The enemy (Paul) of your enemy (NY Times) is your friend.
Sure...in this case, that is likely to be true.
As a victim of U S Government sponsored discrimination (Affirmative Action) I tend to agree with Ron Paul. Discrimination is wrong, and two wrongs do not make a right.
If you are a strict constitutionalist, this area is not addressed as an area in which the Federal Government has prime jurisdiction. The "All men are created equal" in the Declaration of Independence only addresses equal opportunities.....not equal outcomes.
“The entire debate boils down to which should take precedent the owner’s right to property or the person who is denied service’s right to dignity.”

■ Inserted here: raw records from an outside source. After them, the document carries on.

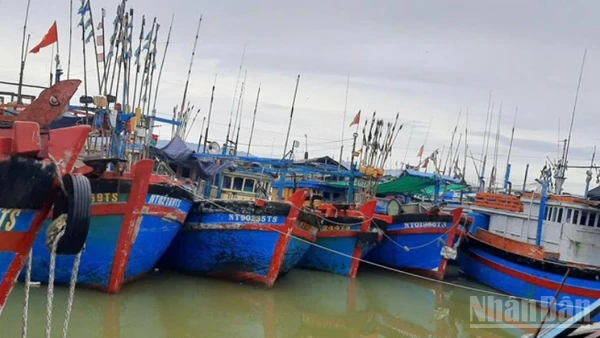 Vùng neo đậu tàu tại cảng cá Đông Hải, tỉnh Khánh Hòa, đã thu hẹp nhiều do bị cát đất bồi lắng nhiều năm qua. (Ảnh: NGUYỄN TRUNG)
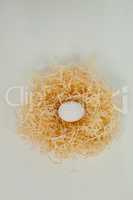White easter egg in nest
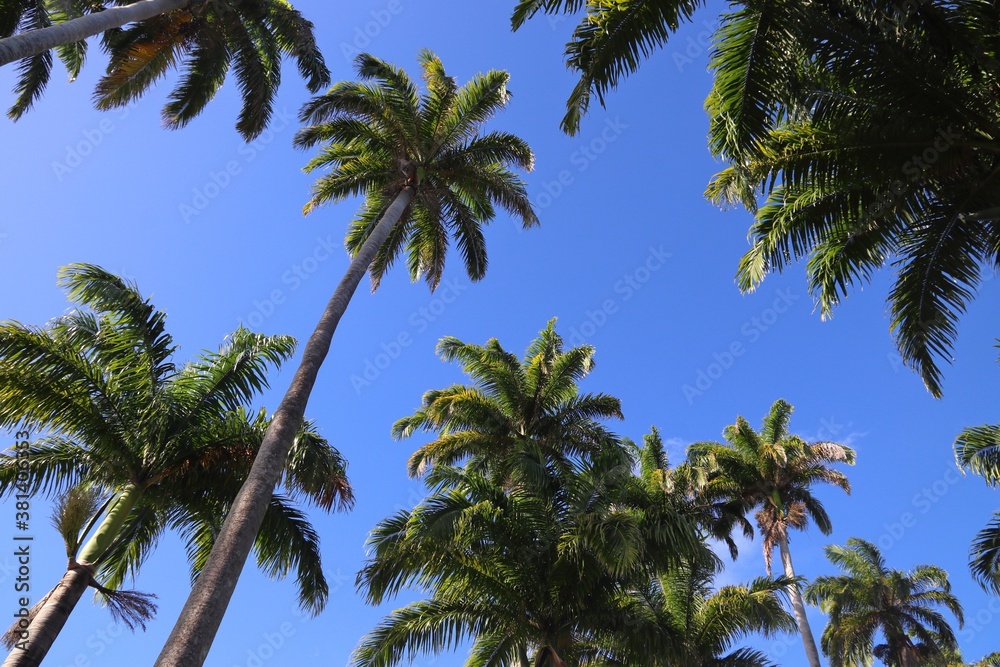 Palm trees in Guadeloupe. Caribbean island. Palm trees in Guadeloupe. Caribbean island.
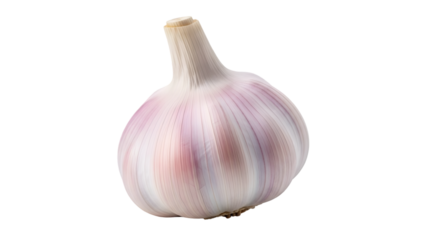 A single bulb of garlic on a black background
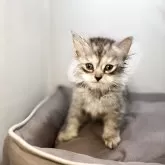 サイベリアン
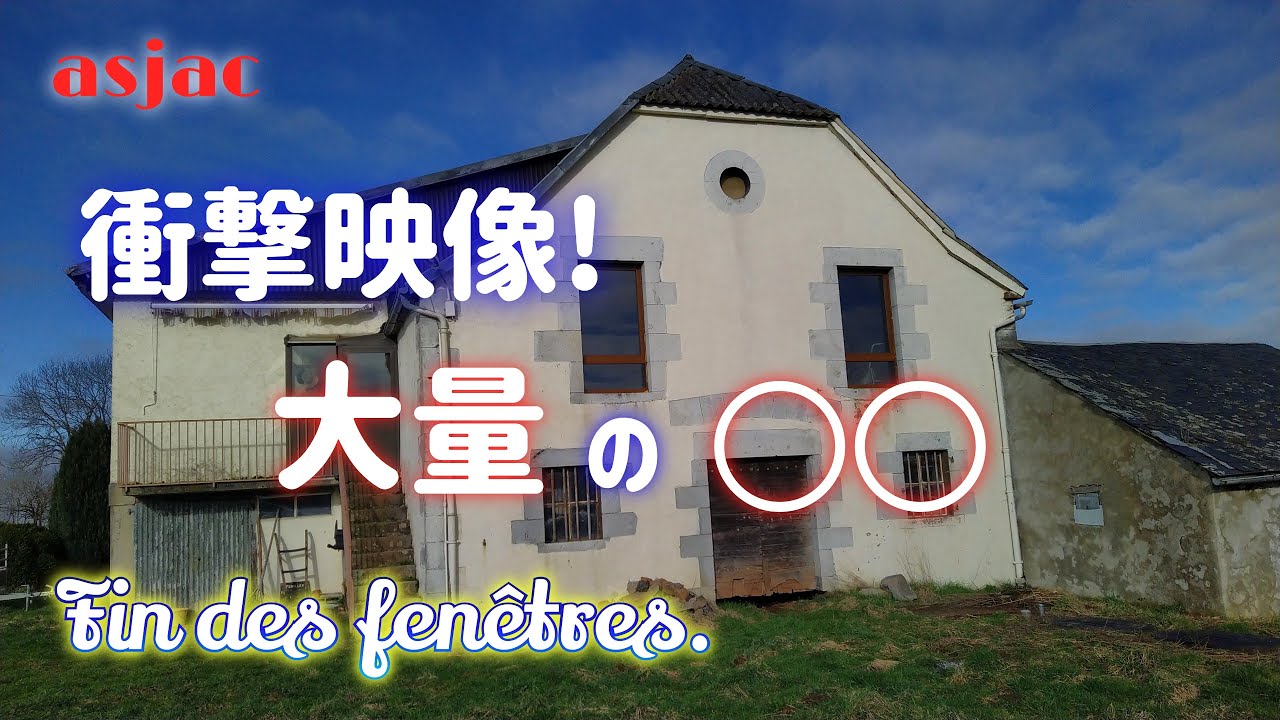 【フランス古民家再生】#97 ショックで倒れそうな現実/殿のキテレツ料理/うちのバカ殿 Fin des fenêtres. #フランス #diy #古民家 #renovation #国際結婚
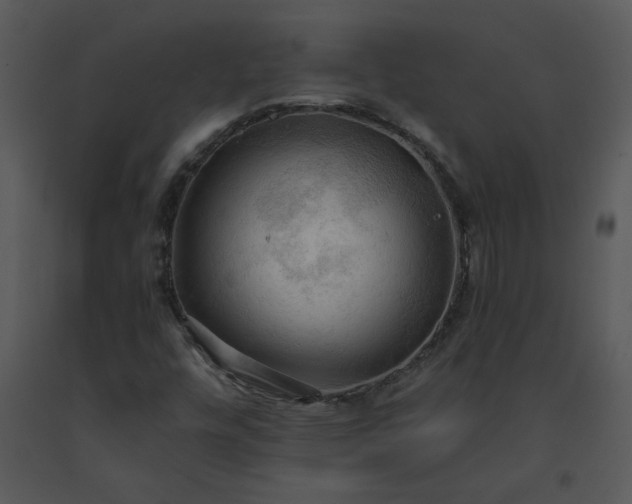 X0000091461448200708301821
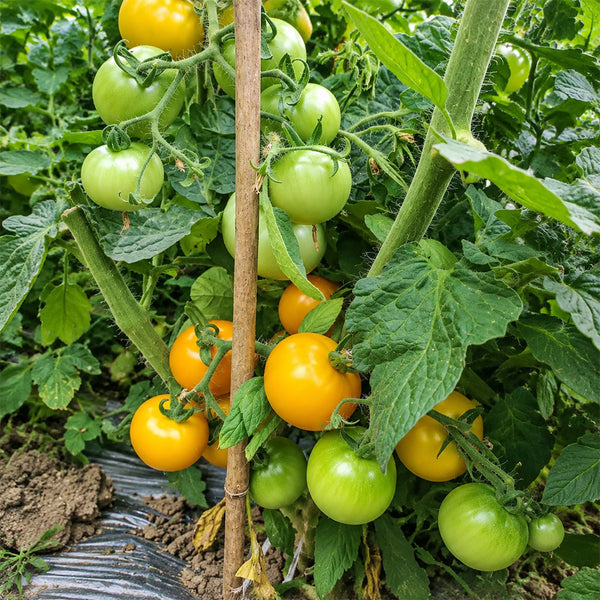 57 Utyonok Dwarf Tomato, 5 Seeds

Larry Auster makes the case that non-discrimination law could be applied to public accommodations without creating the vast intrusion into the private sphere that the rest of the 1964 Civil Rights creates:
“He doesn’t even touch the specific issue of Title VII, which outlawed discrimination in private employment, and which was the part of the law Paul said he thought was unconstitutional. Unfortunately Paul messed up the Title VII issue by defending discrimination in a restaurant. A restaurant is a public accommodation. If, as he says he does, he supports the part of the law outlawing discrimination in public accommodations, then restaurants are a part of that. Discrimination in private employment is distinct from discrimination in public accommodations, from governmental discrimination, and from Jim Crow laws which require discrimination against blacks. The writer doesn’t present any constitutional justification for the federal government’s intrusion into the private decisions by employers as to whom they hire. In my view, outlawing Jim Crow and outlawing the exclusion of blacks from public accommodations were both arguably justified under the original 14th amendment, the purpose of which was to assure the fundamental rights of the freed blacks without which they could not carry on the normal activities of life. By contrast, there is no constitutional justification for Title VII—it is a revolutionary, lawless expansion of federal power. It is the fountainhead of the anti-discrimination tyranny under which we now live.”